Examples of Exceptions:
—The Dakota Classic Mod Tour in western North Dakota runs a six-day tour that includes stops on Monday, Tuesday, Wednesday and Thursday. Draws extremely well in terms of fans and crowds.
—The Little Dream Street Stock Race in Wisconsin — which paid more than $16,000 to the winner in 2018 — is held on a Tuesday in August and draws well in terms of car counts and fans.
—Brown County Speedway still runs a few midweek specials. The World of Outlaw Sprints will be there on Wednesday, July 3; the Lucas Oil Late Models will be there on Tuesday, July 16.
The Gopher 50 Late Model race — which was highly popular in Owatonna, Minn., in the 1980s and 1990s — was held on a Wednesday night for many years. Packed house each time I was there and LOUD. The event is still popular and is held on Saturday night in July at Deer Creek Speedway south of Rochester but I think from a fan standpoint lost a bit of its appeal when it moved to the weekend. Why? Because most race fans have a weekly track they go to on the weekends.
Most RaceChaser area tracks do not run a midweek special. (I won’t include Norman County Raceway in Ada because that track runs regularly on Thursday nights.). Viking Speedway, Buffalo River Race Park and River Cities Speedway in Grand Forks don’t run any midweek big money shows. River Cities does run the World of Outlaws but those events are on Friday nights, their regular race night.
I-94 has the Wissota 100 in September but no midweek special events during the regular season.
Red River Valley has one Wednesday night show — its Cruise Night on Aug. 21 when the NLSA Lightning Sprints are in town. The track has run on some Wednesdays in the past, including some mod specials.
Jamestown Speedway runs a July 4 special which is popular.
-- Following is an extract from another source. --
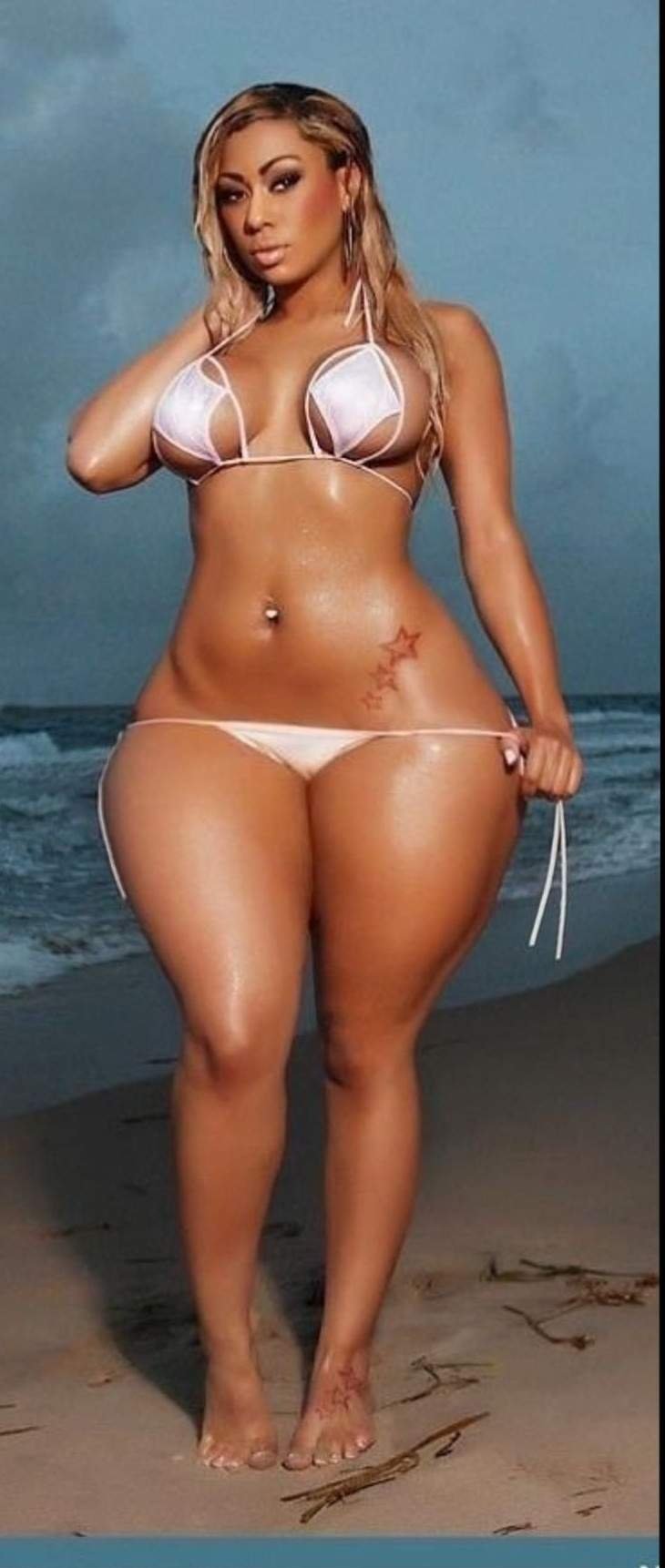 Большие ягодицы и бедрайка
NCR runs a few special events during the county fair, and Sheyenne Speedway in Lisbon also runs an event on a Thursday during the Ransom County Fair.
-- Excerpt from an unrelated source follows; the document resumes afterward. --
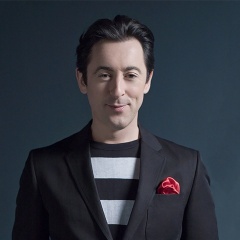 Alan Cumming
Viking Speedway used to run some midweek events — USMTS mods, Challenge Series late models, for example — but hasn’t for a few years. I attended the USMTS event a few years ago that Brady Gerdes won — great car counts, not a good crowd. Way back in the day there was the Busch Tour Late Models at Viking.
The Advantage RV Tour runs on most tracks regular nights as does the Wissota Late Model Challenge Series.
Keep in mind, this isn’t a knock at tracks, because I think there are legitimate reasons for not having these big money shows during the week.
I think there are two major reasons for the decline in midweek, well-paying specials:
- Crowds. Tracks are worried to death about paying out a big purse and having an empty grandstand. Most smaller tracks can’t absorb having a $10,000 purse and having 200 paid fans in the stands. The risk isn’t necessarily worth the reward to most tracks.
I was at a modified special in Wisconsin in 1999. It was a Wednesday night show that paid $1,000 to win, and drew some big names like Ron Schreiner and Craig Thatcher, two of the best in that part of the world at that time.
There were like 20-some mods — a decent field — but I counted the people in the stands, and there were less than 60. I won’t name the particular track but I am sure it took a major financial hit. Because if your advertise a good purse for a special event, you’ve got to pay it, no matter how many people show up. Many promoters don’t want to take the financial risk anymore and frankly, I don’t blame them.
- Car counts. You might draw a good crowd and charge $20-30 to get in for a $10,000 to win late model show show, let’s say, and you draw 15-18 cars. Most fans won’t be happy, and I am not sure the promoter would be happy with that car count, either.
If you draw poor car counts, the fans aren’t likely to come back the next time you have such an event. If you want to put on a good show, having a good field of cars is pretty vital.
In the end, it comes down to money, and it’s hard to argue with a track that doesn’t want to risk losing a lot on a special event.
That doesn’t mean as a fan I don’t miss them.